M: 8-bit encode-char
    encode>> encode-8-bit ;

: decode-8-bit ( stream array -- char/f )
    swap stream-read1 dup
    [ swap nth [ replacement-char ] unless* ] [ nip ] if ;

M: 8-bit decode-char
    decode>> decode-8-bit ;

I wanted to design this, like existing Unicode functionality, to read resource files at parsetime rather than to generate Factor source code. Though I don't expect these encodings to change, the result is still more maintainable as it leaves a lower volume of code. If I were implementing this in C or Java or R5RS Scheme or Haskell98, this wouldn't be possible. So make-8-bit defines an encoding given a word and the lookup tables to use:


: make-8-bit ( word byte>ch ch>byte -- )
    [ 8-bit construct-boa ] 2curry dupd curry define ;

define-8-bit-encoding puts everything together. It takes a string for the name of an encoding to be defined and a stream, reads the appropriate resource file and defines an 8-bit encoding.
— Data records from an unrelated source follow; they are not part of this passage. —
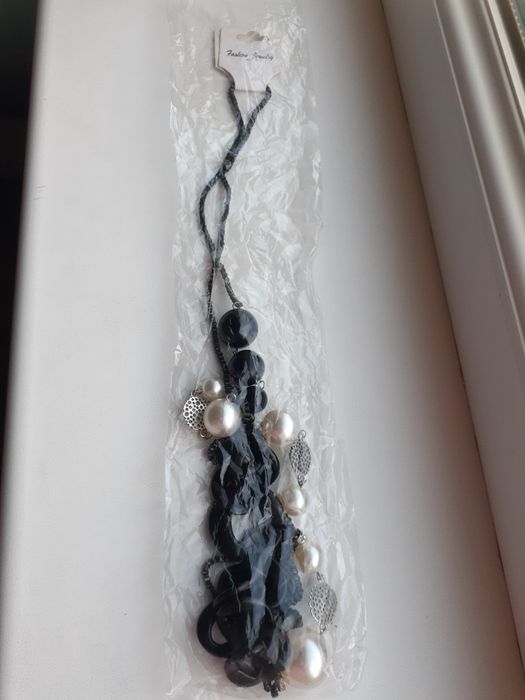 Подвеска на шею, длинная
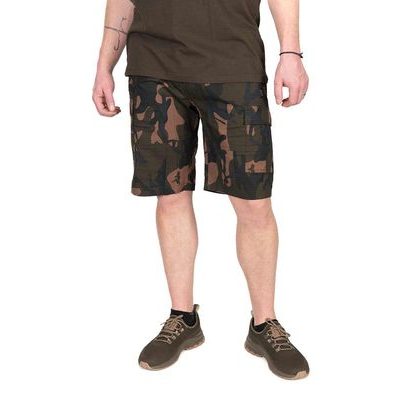 Fox Kraťasy LW Camo Combat Shorts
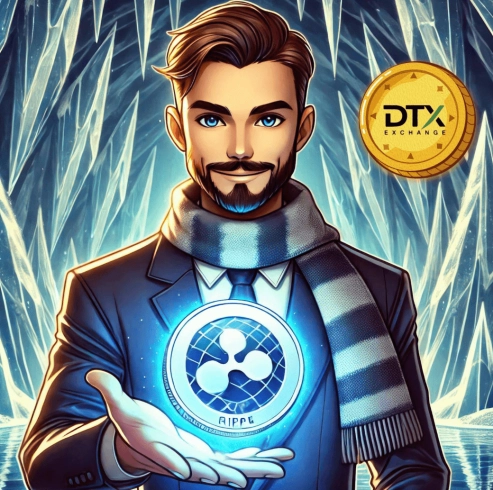 XRP Whale Predicts DTX Exchange as the Next 100x Opportunity: What Fuels the $11.4M Investment in This Utility Token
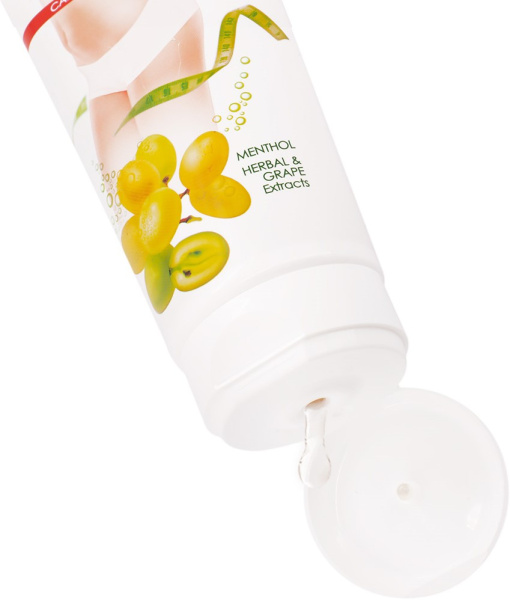 Bilka Антицеллюлитный гель с белым виноградом Grape Energy, 180 мл в интернет-магазине «Русская Косметика».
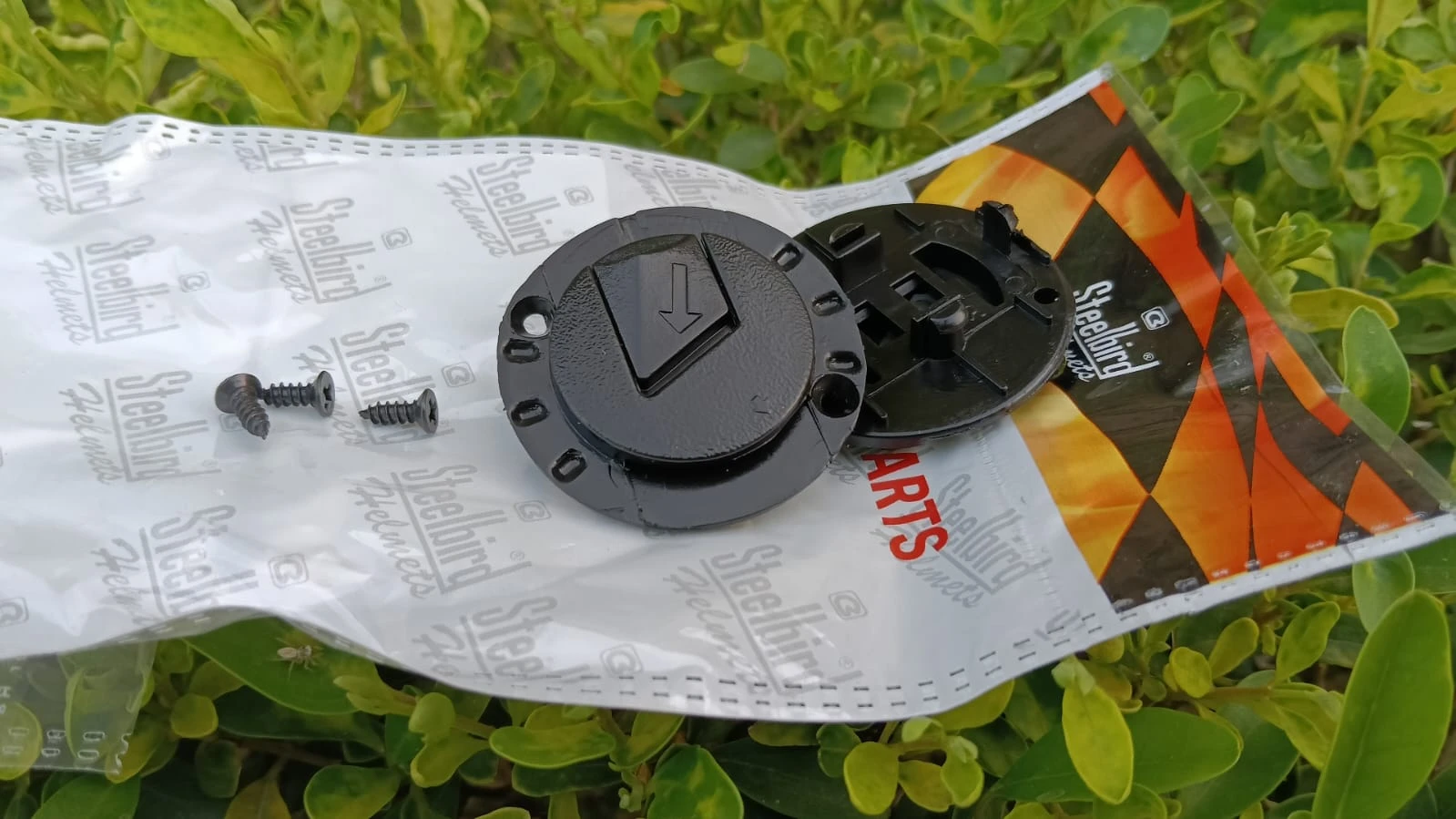 STEELBIRD PIVOT KIT SB-39 ROX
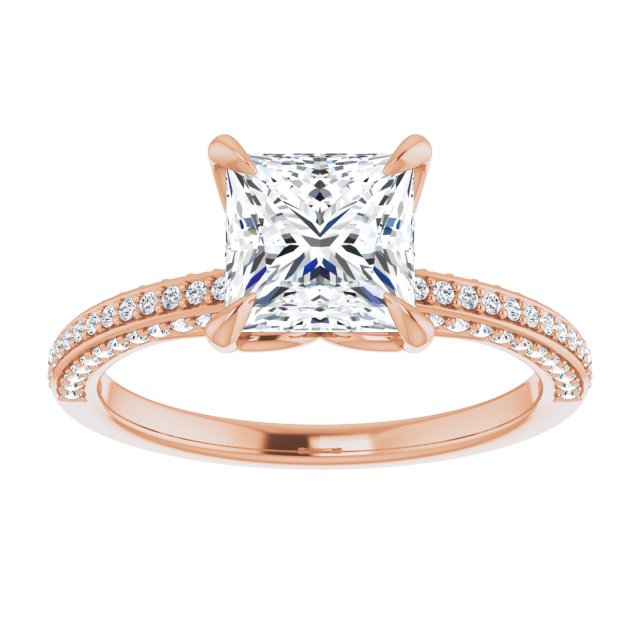 Rose Gold-Square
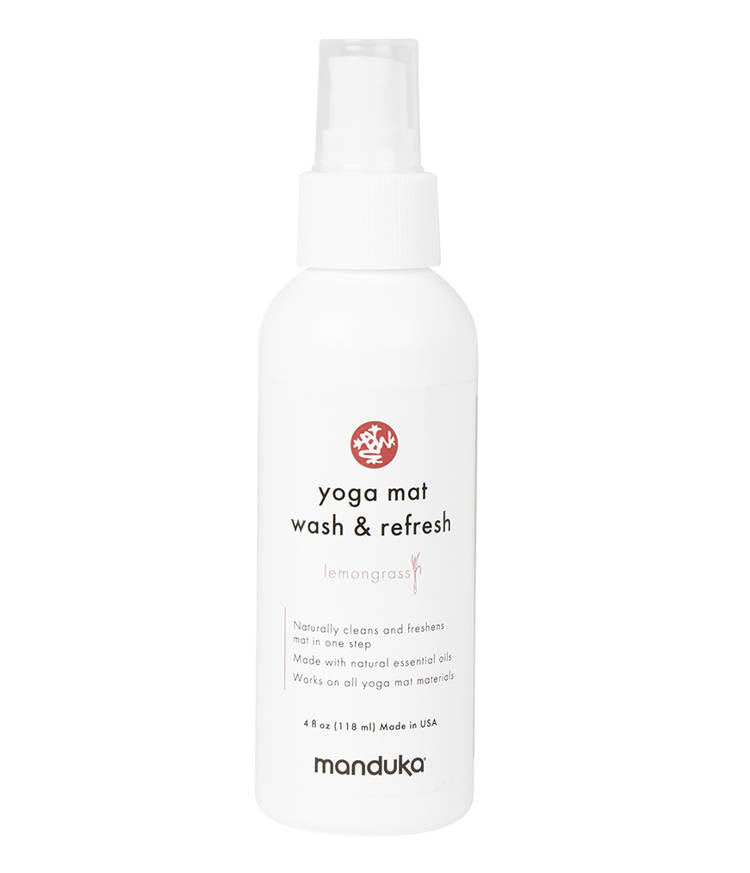 Uniwersalny środek do czyszczenia mat Manduka - Lemongrass 118 ml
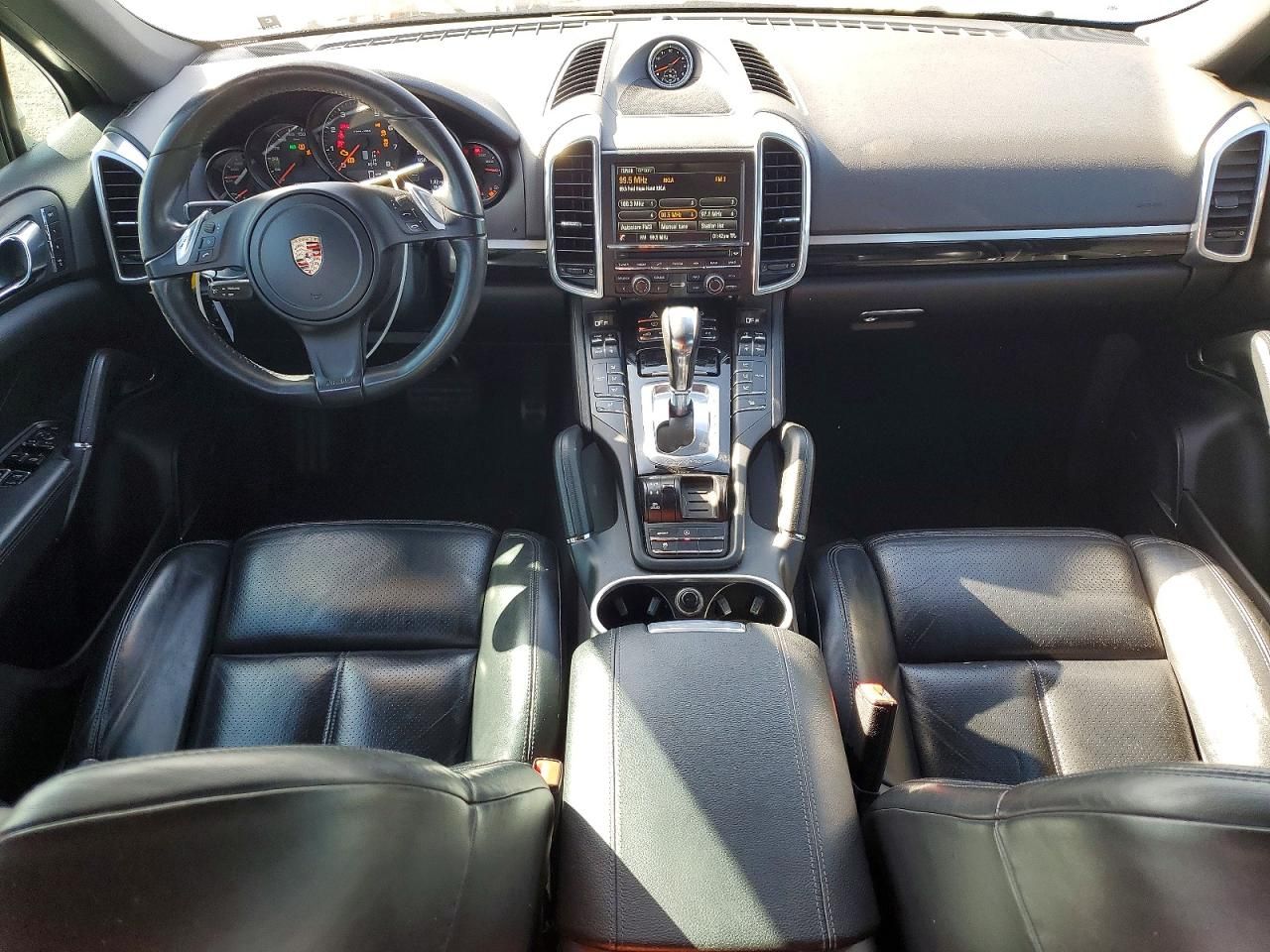 2014 Porsche Cayenne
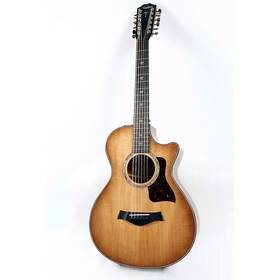552ce Taylor 197881159153 Grand Concert 12-fret 12-string A/e Guitar Seb Ob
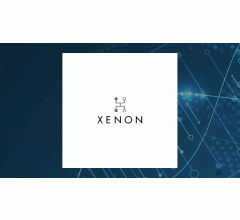 Image about Xenon Pharmaceuticals Inc. (NASDAQ:XENE) Shares Purchased by Wellington Management Group LLP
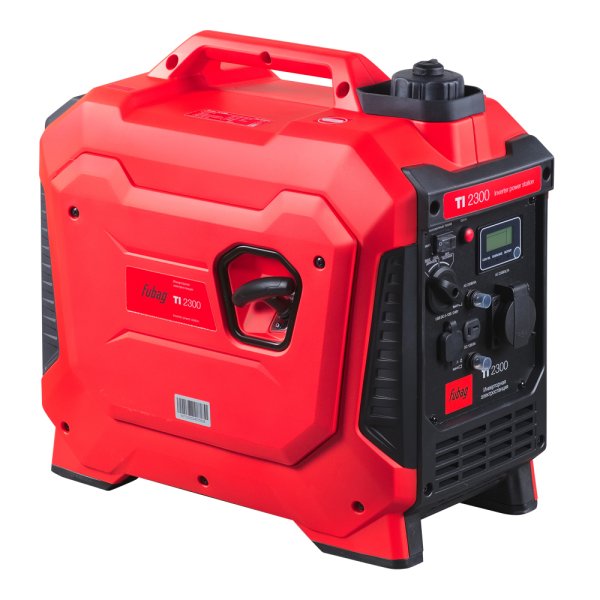 Инверторный генератор FUBAG TI 2300 + Моторное масло Fubag Extra в ПОДАРОК Инверторный генератор FUBAG TI 2300 + Моторное масло Fubag Extra в ПОДАРОК купить в Пскове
: define-8-bit-encoding ( name stream -- )
    >r in get create r> parse-file make-8-bit ;

To top it all off, here's what's needed to define all the 8-bit encodings we want:


: mappings {
    { "latin1" "8859-1" }
    { "latin2" "8859-2" }
    ! ...
} ;

: encoding-file ( file-name -- stream )
    "extra/io/encodings/8-bit/" ".TXT"
    swapd 3append resource-path ascii  ;

[
    "io.encodings.8-bit" in [
        mappings [ encoding-file define-8-bit-encoding ] assoc-each
    ] with-variable
] with-compilation-unit

So by combining these trivial one-liners or two-liners, you can make something that's not as trivial. The end product is that hard things are made easy, which is the goal of every practical programming language. The point of this isn't to say that this code is perfect (it's very far from that), but just to demonstrate how clear things become when they're broken down in this way.

When I first started programming Factor, I thought that it only made sense to define things separately when it was conceivable that something else would use them, or that it'd be individually useful for testing, or something like that. But actually, it's useful for more than that: for just making your program clear. In a way, the hardest thing to do when programming in Factor once you have the basics is to name each of these pieces and factor them out properly from your program. The result is far more maintainable and readable than if the factoring process has not been done.